Adopting a realistic approach towards the world does not consist in always reaching for a well-worn toolkit of timeless verities, nor does it consist in affecting a hard-boiled attitude so as to inoculate oneself forever against liberal enthusiasm. Realism, taken seriously, entails a never-ending cognitive and emotional challenge. It involves a minute-by-minute struggle to understand a complex and constantly evolving world, in which we are ourselves immersed, a world that we can, to a degree, influence and change, but which constantly challenges our categories and the definitions of our interests. And in that struggle for realism – the never-ending task of sensibly defining interests and pursuing them as best we can – to resort to war, by any side, should be acknowledged for what it is. It should not be normalised as the logical and obvious reaction to given circumstances, but recognised as a radical and perilous act, fraught with moral consequences. Any thinker or politician too callous or shallow to face that stark reality, should be judged accordingly.

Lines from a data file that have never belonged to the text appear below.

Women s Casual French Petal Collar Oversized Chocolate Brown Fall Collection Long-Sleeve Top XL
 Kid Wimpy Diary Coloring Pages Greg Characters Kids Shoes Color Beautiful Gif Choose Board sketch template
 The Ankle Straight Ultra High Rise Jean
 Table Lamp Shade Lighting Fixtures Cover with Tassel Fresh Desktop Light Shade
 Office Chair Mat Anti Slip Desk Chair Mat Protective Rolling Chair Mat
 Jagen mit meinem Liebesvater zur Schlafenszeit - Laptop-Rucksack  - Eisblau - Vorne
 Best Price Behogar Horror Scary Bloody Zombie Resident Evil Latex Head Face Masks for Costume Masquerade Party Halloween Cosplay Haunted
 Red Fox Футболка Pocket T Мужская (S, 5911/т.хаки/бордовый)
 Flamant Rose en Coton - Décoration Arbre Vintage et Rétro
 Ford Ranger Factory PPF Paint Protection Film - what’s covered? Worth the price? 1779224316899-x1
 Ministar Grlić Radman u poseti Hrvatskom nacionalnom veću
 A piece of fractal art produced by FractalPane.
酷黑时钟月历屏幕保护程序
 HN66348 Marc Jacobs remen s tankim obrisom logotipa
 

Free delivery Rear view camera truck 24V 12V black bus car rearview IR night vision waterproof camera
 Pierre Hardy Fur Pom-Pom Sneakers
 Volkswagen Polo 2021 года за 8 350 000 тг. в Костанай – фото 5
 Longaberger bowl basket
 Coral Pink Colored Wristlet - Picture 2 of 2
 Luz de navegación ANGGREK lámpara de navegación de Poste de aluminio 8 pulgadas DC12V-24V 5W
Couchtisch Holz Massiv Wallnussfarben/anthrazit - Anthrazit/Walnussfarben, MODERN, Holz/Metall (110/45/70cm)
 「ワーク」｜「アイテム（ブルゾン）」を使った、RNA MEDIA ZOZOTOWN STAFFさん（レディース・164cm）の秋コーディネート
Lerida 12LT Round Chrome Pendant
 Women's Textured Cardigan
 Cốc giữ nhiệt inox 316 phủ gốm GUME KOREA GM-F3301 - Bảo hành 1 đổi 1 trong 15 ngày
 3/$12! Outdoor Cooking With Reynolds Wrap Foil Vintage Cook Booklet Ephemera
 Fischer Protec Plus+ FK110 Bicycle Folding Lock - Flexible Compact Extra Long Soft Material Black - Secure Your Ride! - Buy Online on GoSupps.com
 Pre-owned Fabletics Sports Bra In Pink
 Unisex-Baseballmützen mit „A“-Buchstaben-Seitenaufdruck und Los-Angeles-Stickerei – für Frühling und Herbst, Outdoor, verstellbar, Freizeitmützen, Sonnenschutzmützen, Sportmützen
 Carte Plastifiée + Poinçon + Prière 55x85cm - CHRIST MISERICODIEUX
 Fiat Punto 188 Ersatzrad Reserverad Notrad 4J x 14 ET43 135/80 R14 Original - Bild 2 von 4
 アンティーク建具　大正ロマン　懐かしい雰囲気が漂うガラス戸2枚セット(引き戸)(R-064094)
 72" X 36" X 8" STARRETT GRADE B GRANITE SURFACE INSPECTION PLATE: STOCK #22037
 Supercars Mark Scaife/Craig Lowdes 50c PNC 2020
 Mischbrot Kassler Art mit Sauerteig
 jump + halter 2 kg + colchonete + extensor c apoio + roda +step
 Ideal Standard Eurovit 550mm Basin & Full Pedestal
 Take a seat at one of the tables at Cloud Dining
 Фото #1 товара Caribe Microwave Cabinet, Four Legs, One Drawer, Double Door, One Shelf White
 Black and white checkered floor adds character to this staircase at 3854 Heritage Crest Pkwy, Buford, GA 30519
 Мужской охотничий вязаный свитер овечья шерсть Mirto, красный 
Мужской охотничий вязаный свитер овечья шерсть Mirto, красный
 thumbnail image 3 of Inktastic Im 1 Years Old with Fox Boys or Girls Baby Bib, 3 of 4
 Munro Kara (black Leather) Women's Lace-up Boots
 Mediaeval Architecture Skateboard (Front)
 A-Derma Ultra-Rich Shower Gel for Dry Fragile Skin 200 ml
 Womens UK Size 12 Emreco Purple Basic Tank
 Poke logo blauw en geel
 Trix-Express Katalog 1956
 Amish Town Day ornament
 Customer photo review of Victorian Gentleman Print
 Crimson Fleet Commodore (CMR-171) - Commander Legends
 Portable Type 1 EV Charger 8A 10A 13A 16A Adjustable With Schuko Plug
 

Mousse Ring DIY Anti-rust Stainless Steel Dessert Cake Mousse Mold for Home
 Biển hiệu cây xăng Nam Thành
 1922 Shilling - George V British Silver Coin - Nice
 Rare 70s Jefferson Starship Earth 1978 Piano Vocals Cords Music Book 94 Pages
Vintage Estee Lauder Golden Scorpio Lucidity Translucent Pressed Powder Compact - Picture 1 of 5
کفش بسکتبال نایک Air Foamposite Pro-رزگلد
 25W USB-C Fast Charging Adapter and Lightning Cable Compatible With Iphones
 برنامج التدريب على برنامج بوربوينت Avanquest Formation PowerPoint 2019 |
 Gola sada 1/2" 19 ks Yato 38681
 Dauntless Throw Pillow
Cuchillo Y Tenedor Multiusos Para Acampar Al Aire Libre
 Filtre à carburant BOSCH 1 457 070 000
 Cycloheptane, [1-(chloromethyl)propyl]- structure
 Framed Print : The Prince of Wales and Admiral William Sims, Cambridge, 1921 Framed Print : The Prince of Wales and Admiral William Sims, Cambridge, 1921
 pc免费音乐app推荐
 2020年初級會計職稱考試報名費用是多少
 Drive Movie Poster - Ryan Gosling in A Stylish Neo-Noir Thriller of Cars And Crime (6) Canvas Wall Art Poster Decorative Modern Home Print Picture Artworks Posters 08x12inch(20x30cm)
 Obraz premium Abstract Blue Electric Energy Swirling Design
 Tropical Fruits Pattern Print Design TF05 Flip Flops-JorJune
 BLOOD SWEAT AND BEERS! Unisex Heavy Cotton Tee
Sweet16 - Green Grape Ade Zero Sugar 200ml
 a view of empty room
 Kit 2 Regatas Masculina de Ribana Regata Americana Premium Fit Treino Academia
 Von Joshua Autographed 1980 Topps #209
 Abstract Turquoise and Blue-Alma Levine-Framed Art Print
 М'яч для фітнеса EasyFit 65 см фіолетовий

I very much like this idea of Realpolitik not as a position but rather, properly understood, an aspiration. Often what people call their “realism” is simply their intellectual and moral laziness.

Perhaps related: I’ve always been slightly annoyed by the tagline of the New Criterion — “The New Criterion will always call things by their real names” — because it assumes that knowing the real names of things is easy. A better and more honest, if less resonant, tagline would be “We will always call things by their real names if we can figure out what they are.”